### Listed records

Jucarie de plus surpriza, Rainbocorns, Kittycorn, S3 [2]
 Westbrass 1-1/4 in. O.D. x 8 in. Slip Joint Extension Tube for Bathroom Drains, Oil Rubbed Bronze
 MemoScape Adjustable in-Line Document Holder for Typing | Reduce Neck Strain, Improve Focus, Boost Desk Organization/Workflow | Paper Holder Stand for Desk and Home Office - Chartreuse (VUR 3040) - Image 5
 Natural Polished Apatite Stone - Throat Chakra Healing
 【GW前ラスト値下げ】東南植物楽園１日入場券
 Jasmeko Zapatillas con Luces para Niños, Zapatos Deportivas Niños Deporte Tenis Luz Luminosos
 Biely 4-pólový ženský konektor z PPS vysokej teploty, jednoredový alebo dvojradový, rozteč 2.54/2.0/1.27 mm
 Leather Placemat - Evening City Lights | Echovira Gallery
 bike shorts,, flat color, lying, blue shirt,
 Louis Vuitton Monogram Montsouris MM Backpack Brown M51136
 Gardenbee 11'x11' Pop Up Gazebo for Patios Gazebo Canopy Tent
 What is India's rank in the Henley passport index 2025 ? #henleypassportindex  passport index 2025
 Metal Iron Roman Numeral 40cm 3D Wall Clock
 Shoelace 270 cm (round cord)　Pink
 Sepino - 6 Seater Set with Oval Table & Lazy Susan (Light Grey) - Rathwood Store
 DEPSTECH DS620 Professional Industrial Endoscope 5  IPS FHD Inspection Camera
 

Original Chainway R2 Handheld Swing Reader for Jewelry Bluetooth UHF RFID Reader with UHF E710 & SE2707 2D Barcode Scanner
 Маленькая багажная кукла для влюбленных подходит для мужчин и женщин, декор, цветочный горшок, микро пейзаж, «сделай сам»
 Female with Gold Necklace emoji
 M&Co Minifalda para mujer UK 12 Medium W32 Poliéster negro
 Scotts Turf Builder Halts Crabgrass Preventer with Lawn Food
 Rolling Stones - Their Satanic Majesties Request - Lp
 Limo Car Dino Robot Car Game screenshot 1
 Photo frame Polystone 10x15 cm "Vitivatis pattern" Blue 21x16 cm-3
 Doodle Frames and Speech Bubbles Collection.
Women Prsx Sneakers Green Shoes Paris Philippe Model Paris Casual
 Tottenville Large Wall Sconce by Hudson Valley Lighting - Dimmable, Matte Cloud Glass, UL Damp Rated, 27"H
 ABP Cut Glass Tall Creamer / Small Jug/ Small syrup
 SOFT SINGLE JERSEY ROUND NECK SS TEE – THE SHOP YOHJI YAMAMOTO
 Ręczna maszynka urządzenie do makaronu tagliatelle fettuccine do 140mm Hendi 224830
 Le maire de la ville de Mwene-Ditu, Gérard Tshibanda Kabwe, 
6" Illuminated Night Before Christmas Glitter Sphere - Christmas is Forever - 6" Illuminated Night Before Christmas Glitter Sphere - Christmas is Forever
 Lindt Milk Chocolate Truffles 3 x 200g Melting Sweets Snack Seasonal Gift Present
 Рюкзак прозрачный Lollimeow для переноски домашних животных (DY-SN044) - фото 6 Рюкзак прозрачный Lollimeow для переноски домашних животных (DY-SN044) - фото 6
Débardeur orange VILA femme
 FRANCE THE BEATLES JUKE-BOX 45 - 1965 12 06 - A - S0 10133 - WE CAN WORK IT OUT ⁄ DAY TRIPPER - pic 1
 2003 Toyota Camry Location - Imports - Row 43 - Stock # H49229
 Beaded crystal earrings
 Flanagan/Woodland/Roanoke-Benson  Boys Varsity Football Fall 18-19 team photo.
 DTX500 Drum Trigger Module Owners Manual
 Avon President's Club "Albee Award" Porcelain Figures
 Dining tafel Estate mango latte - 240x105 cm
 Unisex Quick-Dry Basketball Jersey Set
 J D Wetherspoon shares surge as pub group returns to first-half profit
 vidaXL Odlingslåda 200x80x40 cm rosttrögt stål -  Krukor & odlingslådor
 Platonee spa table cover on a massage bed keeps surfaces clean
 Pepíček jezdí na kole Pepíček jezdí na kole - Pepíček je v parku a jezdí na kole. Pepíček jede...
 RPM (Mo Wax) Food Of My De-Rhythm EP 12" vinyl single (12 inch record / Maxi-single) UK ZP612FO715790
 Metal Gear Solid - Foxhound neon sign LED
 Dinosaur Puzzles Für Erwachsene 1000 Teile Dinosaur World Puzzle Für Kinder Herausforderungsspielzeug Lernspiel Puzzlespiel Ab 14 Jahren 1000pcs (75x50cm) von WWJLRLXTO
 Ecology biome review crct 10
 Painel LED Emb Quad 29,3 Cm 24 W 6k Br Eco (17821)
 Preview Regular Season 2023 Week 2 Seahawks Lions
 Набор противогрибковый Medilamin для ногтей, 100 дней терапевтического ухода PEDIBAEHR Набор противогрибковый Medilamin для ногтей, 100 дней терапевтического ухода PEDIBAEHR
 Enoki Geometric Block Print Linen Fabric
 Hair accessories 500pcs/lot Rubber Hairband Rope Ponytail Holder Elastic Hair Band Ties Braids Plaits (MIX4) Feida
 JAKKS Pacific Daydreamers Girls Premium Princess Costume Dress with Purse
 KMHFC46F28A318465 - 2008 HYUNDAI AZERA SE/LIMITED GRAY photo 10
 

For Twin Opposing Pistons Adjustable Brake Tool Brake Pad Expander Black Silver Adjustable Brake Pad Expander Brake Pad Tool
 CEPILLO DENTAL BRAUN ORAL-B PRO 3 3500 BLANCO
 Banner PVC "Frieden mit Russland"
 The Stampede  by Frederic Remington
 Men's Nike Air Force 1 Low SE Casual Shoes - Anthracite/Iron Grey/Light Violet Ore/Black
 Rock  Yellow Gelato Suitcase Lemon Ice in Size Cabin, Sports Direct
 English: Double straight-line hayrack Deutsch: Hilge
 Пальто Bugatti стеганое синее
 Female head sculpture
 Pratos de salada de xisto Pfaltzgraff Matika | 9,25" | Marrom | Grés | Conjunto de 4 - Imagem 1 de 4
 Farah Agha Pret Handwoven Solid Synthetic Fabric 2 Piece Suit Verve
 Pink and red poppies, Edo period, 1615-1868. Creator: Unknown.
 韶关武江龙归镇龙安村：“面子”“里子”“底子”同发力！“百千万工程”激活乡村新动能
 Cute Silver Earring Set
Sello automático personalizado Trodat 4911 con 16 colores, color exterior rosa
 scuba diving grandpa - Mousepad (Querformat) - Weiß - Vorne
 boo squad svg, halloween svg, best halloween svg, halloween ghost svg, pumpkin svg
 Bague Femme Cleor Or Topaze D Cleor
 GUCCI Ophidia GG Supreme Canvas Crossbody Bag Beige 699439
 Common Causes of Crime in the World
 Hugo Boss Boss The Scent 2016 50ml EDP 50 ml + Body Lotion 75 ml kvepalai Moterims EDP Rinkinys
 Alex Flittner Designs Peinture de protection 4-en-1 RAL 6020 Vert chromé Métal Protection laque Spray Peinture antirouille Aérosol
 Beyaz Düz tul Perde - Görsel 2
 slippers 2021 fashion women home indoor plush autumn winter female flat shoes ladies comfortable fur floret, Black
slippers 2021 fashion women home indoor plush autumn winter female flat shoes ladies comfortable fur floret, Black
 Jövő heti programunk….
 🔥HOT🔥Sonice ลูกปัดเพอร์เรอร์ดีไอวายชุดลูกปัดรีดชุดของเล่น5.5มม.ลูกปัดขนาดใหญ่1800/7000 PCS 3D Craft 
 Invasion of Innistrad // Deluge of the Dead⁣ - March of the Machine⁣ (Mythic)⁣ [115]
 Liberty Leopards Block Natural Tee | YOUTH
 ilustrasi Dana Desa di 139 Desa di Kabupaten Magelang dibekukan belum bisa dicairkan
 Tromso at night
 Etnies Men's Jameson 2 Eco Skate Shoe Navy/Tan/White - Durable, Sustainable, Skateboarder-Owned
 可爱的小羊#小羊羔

### Description of the task
Will you return exactly the lines above from the one with "Sepino - 6 Seater" down to the one with "Le maire de", counting both as part of the range?

### Task output
 Sepino - 6 Seater Set with Oval Table & Lazy Susan (Light Grey) - Rathwood Store
 DEPSTECH DS620 Professional Industrial Endoscope 5  IPS FHD Inspection Camera
 

Original Chainway R2 Handheld Swing Reader for Jewelry Bluetooth UHF RFID Reader with UHF E710 & SE2707 2D Barcode Scanner
 Маленькая багажная кукла для влюбленных подходит для мужчин и женщин, декор, цветочный горшок, микро пейзаж, «сделай сам»
 Female with Gold Necklace emoji
 M&Co Minifalda para mujer UK 12 Medium W32 Poliéster negro
 Scotts Turf Builder Halts Crabgrass Preventer with Lawn Food
 Rolling Stones - Their Satanic Majesties Request - Lp
 Limo Car Dino Robot Car Game screenshot 1
 Photo frame Polystone 10x15 cm "Vitivatis pattern" Blue 21x16 cm-3
 Doodle Frames and Speech Bubbles Collection.
Women Prsx Sneakers Green Shoes Paris Philippe Model Paris Casual
 Tottenville Large Wall Sconce by Hudson Valley Lighting - Dimmable, Matte Cloud Glass, UL Damp Rated, 27"H
 ABP Cut Glass Tall Creamer / Small Jug/ Small syrup
 SOFT SINGLE JERSEY ROUND NECK SS TEE – THE SHOP YOHJI YAMAMOTO
 Ręczna maszynka urządzenie do makaronu tagliatelle fettuccine do 140mm Hendi 224830
 Le maire de la ville de Mwene-Ditu, Gérard Tshibanda Kabwe, 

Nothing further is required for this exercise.